Report each line of the entries that includes "Furry" by copying it.

Material provided Start Marker

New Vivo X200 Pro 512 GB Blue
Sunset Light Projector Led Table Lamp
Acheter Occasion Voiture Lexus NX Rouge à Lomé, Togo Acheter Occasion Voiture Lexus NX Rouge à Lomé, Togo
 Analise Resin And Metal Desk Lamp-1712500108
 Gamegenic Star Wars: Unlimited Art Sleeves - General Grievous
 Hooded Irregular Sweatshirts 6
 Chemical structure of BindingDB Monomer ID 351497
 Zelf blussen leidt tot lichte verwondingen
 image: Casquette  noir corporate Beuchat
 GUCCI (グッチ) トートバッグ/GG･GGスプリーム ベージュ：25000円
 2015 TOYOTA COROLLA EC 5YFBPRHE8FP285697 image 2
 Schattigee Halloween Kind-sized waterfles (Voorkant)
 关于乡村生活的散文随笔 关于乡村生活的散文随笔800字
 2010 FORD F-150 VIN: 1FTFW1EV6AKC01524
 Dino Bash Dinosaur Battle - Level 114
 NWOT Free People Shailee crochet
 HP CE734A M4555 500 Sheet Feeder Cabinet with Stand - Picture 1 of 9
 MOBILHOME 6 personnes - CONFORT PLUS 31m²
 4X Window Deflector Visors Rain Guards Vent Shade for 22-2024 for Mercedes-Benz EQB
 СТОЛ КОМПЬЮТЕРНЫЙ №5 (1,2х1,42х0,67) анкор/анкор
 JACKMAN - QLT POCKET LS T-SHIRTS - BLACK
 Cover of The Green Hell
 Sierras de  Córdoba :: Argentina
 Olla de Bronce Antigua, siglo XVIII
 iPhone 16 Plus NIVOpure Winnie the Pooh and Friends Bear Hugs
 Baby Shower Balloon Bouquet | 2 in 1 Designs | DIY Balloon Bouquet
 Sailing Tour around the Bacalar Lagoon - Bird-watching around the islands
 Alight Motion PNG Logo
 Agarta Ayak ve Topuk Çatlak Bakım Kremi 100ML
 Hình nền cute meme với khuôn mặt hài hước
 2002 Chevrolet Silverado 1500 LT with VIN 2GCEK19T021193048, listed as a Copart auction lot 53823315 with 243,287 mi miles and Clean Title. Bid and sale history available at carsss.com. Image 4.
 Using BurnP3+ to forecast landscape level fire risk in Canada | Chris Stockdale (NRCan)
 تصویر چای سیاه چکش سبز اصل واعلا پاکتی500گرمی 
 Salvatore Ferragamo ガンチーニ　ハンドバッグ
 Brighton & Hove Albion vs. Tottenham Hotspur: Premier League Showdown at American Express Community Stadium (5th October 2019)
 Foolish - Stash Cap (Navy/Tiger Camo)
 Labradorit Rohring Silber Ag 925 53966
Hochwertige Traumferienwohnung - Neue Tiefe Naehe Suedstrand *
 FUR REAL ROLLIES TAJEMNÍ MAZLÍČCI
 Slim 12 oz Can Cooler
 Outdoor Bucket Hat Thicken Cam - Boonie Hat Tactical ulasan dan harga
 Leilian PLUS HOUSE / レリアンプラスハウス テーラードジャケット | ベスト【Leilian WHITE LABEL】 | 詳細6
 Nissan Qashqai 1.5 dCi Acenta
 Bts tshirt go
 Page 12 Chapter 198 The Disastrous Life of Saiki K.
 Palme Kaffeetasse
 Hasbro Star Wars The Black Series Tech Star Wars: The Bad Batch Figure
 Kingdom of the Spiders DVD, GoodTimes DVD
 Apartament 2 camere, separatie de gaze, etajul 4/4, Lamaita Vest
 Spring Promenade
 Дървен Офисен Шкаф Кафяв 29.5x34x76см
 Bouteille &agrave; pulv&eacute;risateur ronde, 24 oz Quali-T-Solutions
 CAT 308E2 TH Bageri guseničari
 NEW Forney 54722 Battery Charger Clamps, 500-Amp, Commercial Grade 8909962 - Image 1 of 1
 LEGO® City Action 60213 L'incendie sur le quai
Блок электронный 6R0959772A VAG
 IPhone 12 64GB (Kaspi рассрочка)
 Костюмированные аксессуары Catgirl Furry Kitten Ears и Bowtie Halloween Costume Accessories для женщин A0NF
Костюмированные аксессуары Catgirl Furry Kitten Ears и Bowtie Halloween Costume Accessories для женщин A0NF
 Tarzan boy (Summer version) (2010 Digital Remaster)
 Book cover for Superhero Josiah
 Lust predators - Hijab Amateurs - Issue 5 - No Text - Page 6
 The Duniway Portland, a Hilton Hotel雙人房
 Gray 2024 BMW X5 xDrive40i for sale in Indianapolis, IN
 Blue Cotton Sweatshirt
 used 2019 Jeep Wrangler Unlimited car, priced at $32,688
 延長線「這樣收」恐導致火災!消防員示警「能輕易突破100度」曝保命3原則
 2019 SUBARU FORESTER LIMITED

Material provided End Marker

> **Answer to this exercise**
 Костюмированные аксессуары Catgirl Furry Kitten Ears и Bowtie Halloween Costume Accessories для женщин A0NF
Костюмированные аксессуары Catgirl Furry Kitten Ears и Bowtie Halloween Costume Accessories для женщин A0NF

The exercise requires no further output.